10. Correlation Analysis
Correlation analysis quantifies the strength and direction of relationships between variables. Understanding correlations prevents spurious assumptions and reveals hidden patterns in data.
Pearson vs Spearman Correlation
Pearson measures linear relationships and assumes normal distribution.
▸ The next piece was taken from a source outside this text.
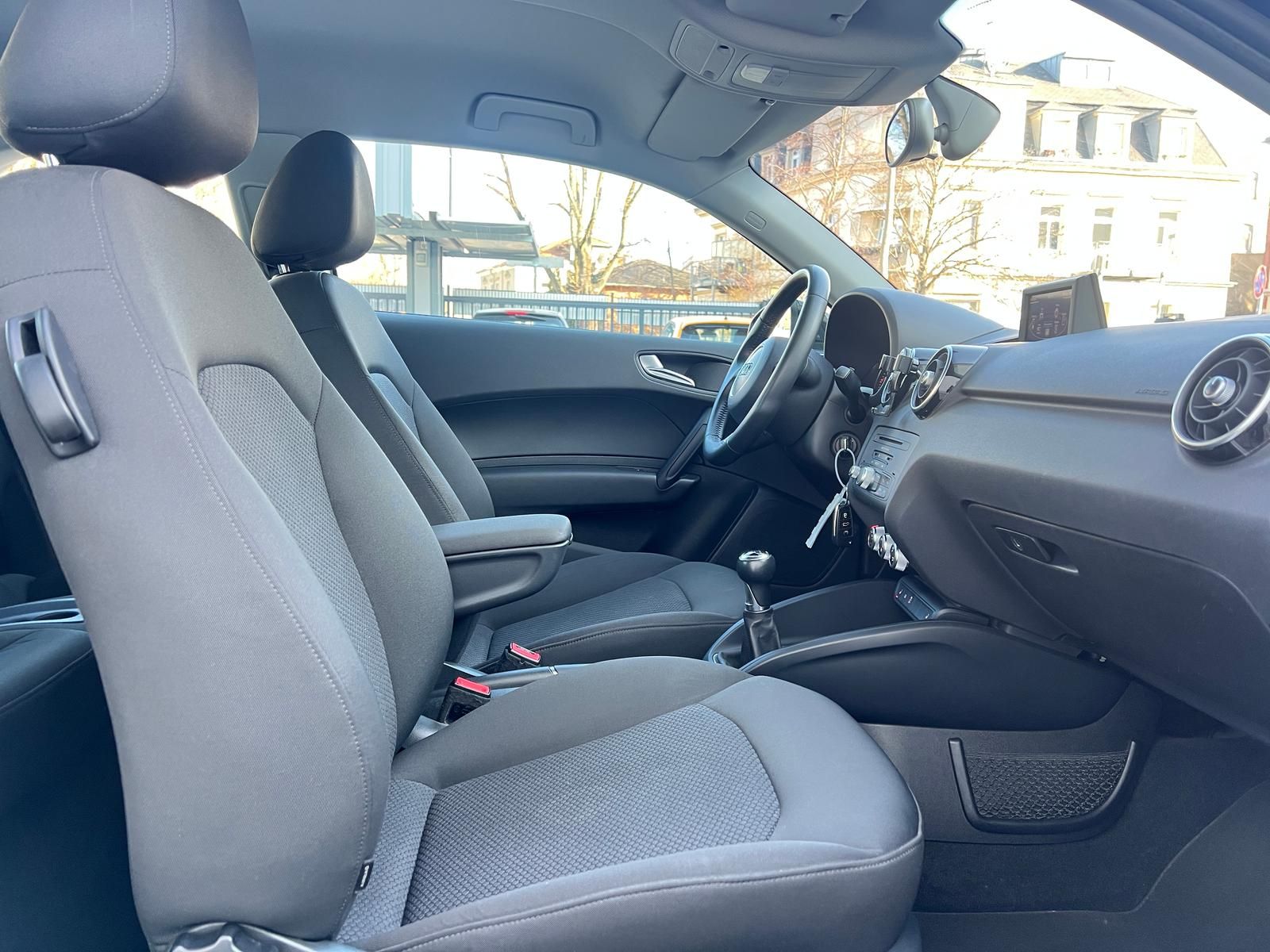 Fahrzeugabbildung Audi A1 1.2 TFSI attraction +BT+KLIMA+PDC+SHZ+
Spearman measures monotonic relationships using rank order, handling non-linear patterns and outliers better.
import pandas as pd
import numpy as np
df = pd.read_csv('sales_data.csv')
# Pearson correlation matrix
pearson_corr = df[['revenue', 'marketing_spend', 'customer_count']].corr(method='pearson')
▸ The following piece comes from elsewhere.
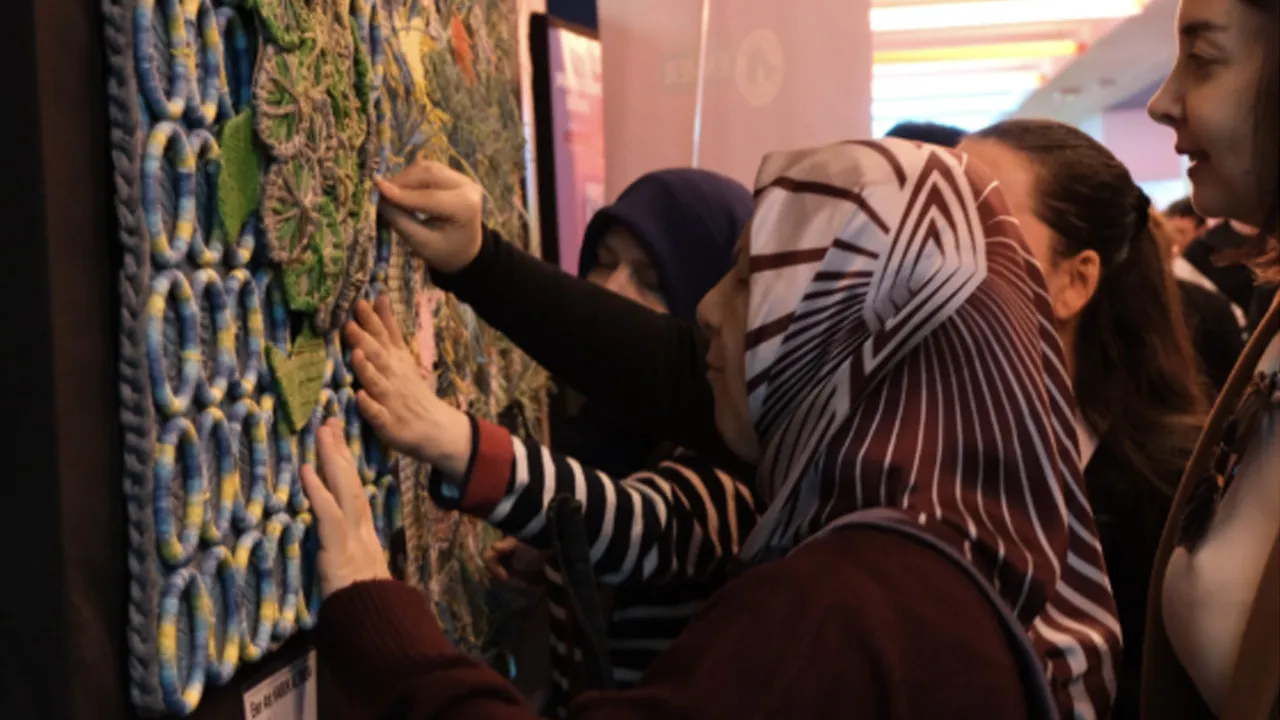 Zyaretçiler de dokunarak görmeyi deneyimledi.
print("Pearson Correlation:")
print(pearson_corr)
# Spearman for non-linear relationships
spearman_corr = df[['revenue', 'marketing_spend', 'customer_count']].corr(method='spearman')
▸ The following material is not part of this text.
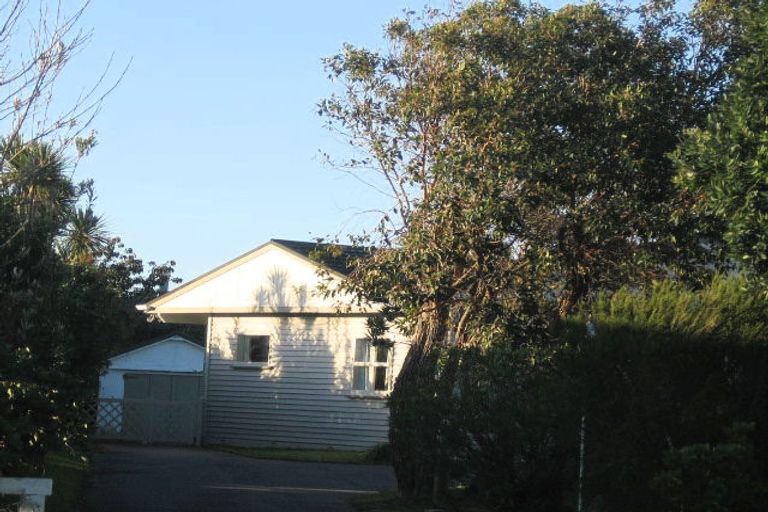 Photo of property in 9 Nathan Avenue, Paraparaumu Beach, Paraparaumu, 5032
print("\nSpearman Correlation:")
print(spearman_corr)
Visualizing Correlations
Heatmaps reveal correlation structures at a glance.
import matplotlib.pyplot as plt
import seaborn as sns
# Full correlation matrix for all numeric columns
numeric_df = df.select_dtypes(include=[np.number])
corr_matrix = numeric_df.corr()
plt.figure(figsize=(12, 8))
sns.heatmap(corr_matrix, annot=True, cmap='RdBu_r', center=0, fmt='.2f')
plt.title('Correlation Heatmap')
plt.tight_layout()
plt.savefig('correlation_heatmap.png', dpi=150)
Categorical Variable Correlations
Use Cramér's V for categorical-categorical relationships:
from scipy.stats import chi2_contingency
def cramers_v(confusion_matrix):
chi2 = chi2_contingency(confusion_matrix)[0]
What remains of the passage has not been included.